To the best of my memory the story went something like this;

The ship sailed from Auckland and a couple of days out she neared the tropical latitudes and was steaming through an oily swell in humid misty weather. The second Mate on the 12 to 4 night watch was relieved by the First Mate at 4am, both were fastidious navigators and after discussing the course and conditions the watch was handed over and the Second Mate asked that the First to be sure to wake him for breakfast at 8am when he came off watch himself
The second then went for his usual walk around the ship before turning in for a few hours and as he rounded the stern the ship’s slow roll and the damp steel decking saw him lose his footing and overboard he went. With the ship deserted except for the bridge and engine room watches no one knew that he was missing and no concern would be raised until 8 am when the First Mate came off the 4 to 8 and went to shake him for breakfast.

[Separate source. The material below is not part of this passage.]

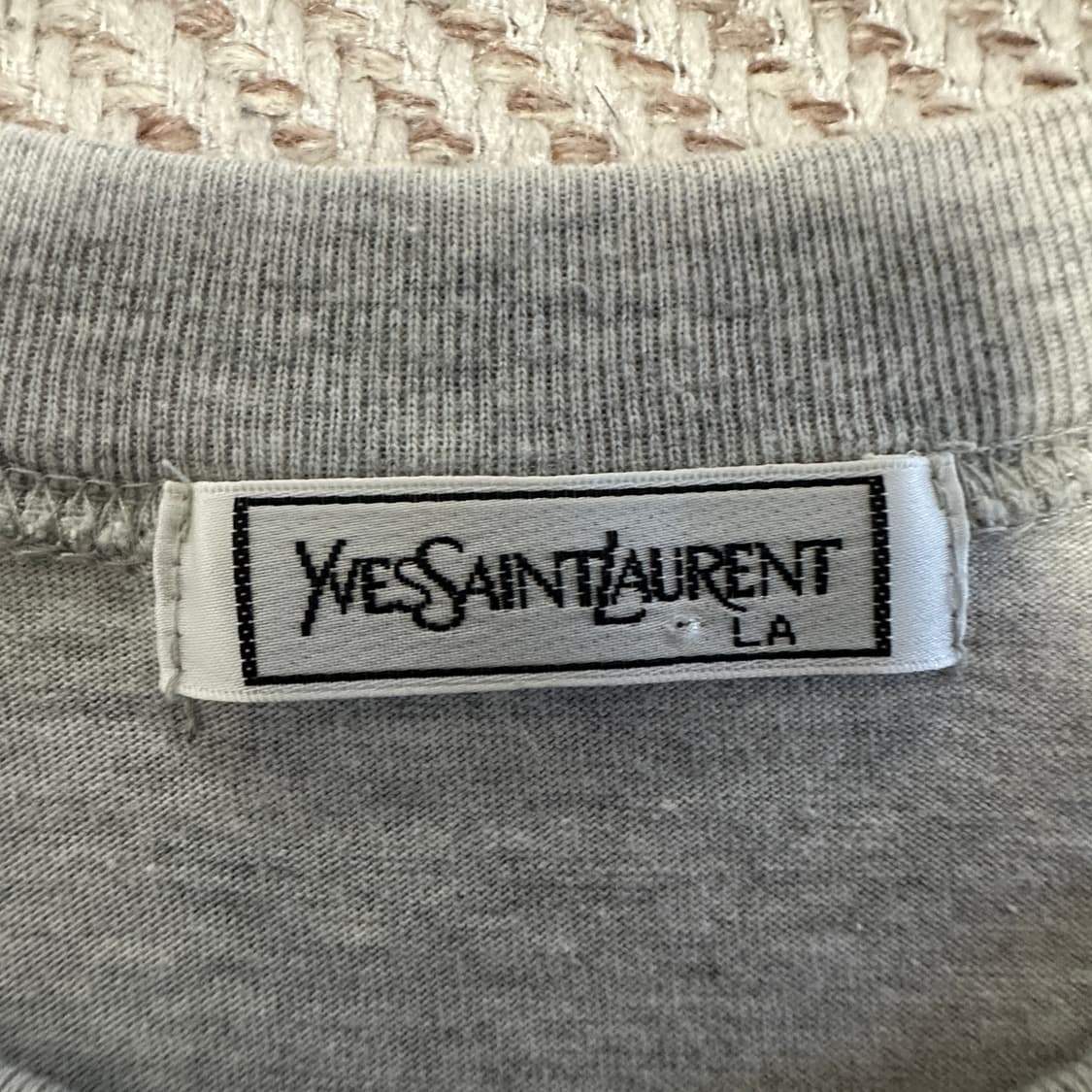 SAINT LAURENT t-shirt 상품이미지4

The man in the water quickly worked this out and as he trod water in a thankfully warm sea he calculated that the First would go to his cabin and find his bunk untouched, he might ask the steward if he had remade the bed then he would ask those around him if they had seen the Second Mate around the ship. He assumed that this checking might take half an hour at the most before the alarm was raised and if the ship turned around immediately and retraced its course he had to survive a total of 9 hours before the ship arrived back in the area.

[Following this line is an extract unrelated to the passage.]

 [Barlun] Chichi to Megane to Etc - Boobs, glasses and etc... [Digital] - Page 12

The second Mate must have been a man of steel, guts, fortitude or just plain level headed and a good swimmer and I recall the article airing his thoughts, plans and beliefs etc but above all his faith in his shipmate’s navigational skills to work a course back along the outgoing plots to present a reasonable chance of picking him up.

With this faith in mind he set about ensuring his own survival, he kicked off his shoes, took off his trousers knotted the leg ends then waved them through the air to entrap some buoyancy that lasted for a few minutes and with experimentation he managed to get the makeshift lifebuoy to last long enough to allow him to rest from his constant treading and as I remember the article, he tells the reader just what was going through his mind, how he tries not to think of predatory sharks, of the ship not turning back and of a thousand negatives that most of us would have foremost in our minds.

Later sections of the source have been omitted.